#### [What is being asked]
The records below are to be reproduced exactly, and no picture should appear in the copy.
═════ Provided data
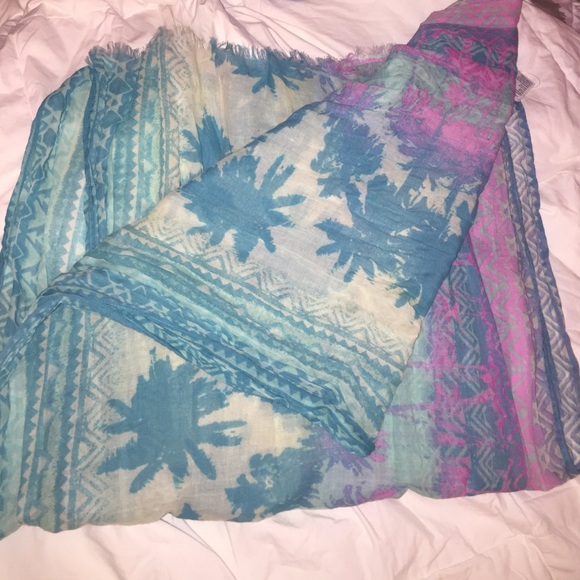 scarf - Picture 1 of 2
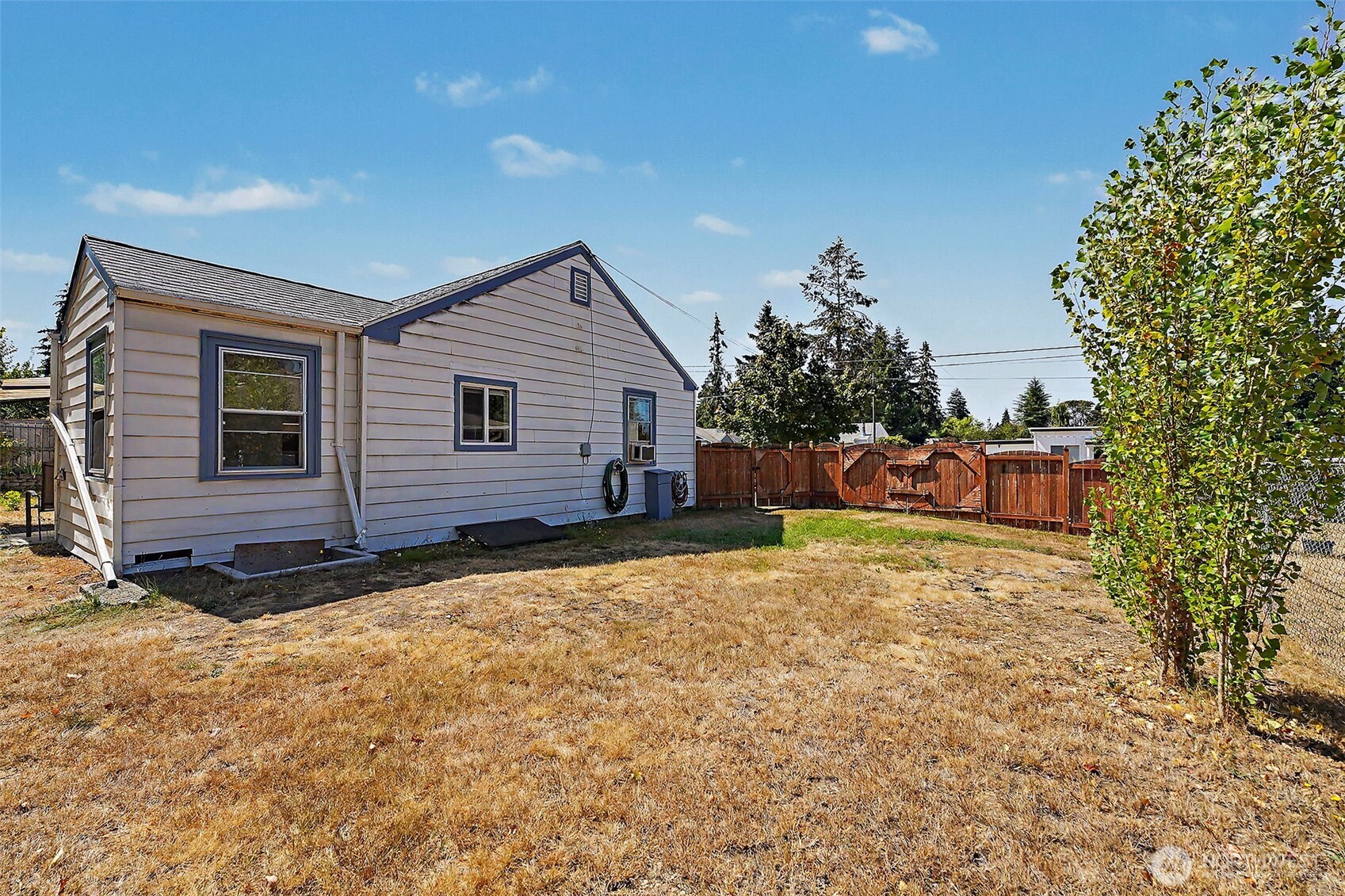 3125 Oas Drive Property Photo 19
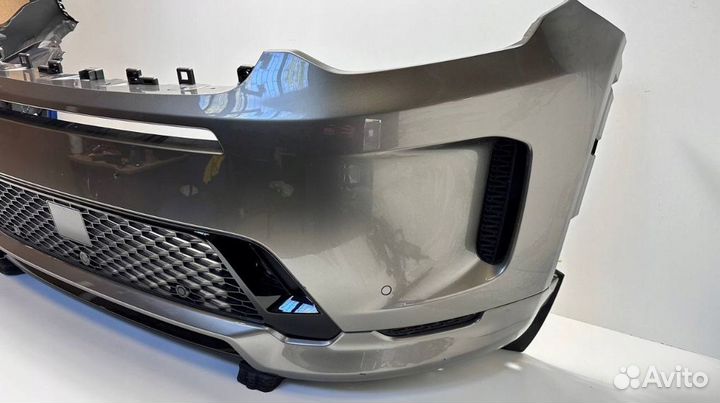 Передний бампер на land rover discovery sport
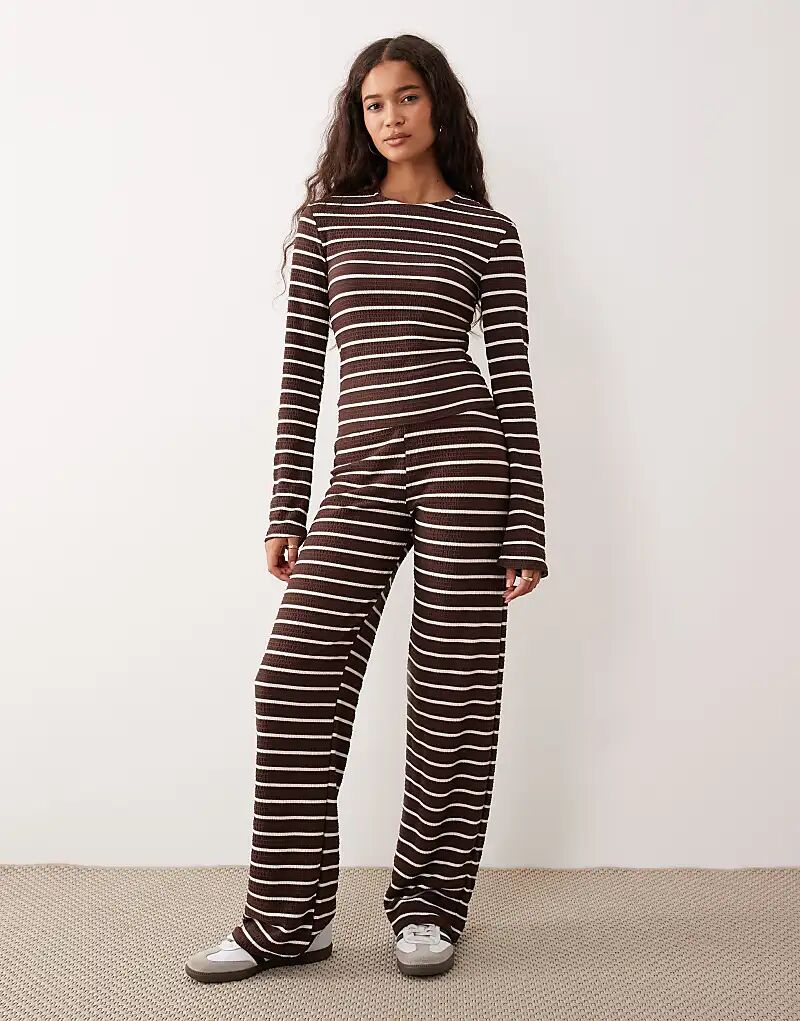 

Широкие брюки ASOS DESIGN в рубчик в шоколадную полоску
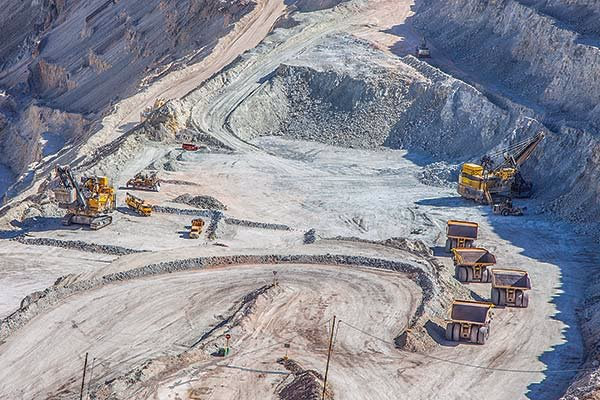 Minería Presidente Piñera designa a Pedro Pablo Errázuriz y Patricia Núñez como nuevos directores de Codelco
══════════
#### [Exercise answer]
 scarf - Picture 1 of 2
 3125 Oas Drive Property Photo 19
 Передний бампер на land rover discovery sport

Широкие брюки ASOS DESIGN в рубчик в шоколадную полоску
 Minería Presidente Piñera designa a Pedro Pablo Errázuriz y Patricia Núñez como nuevos directores de Codelco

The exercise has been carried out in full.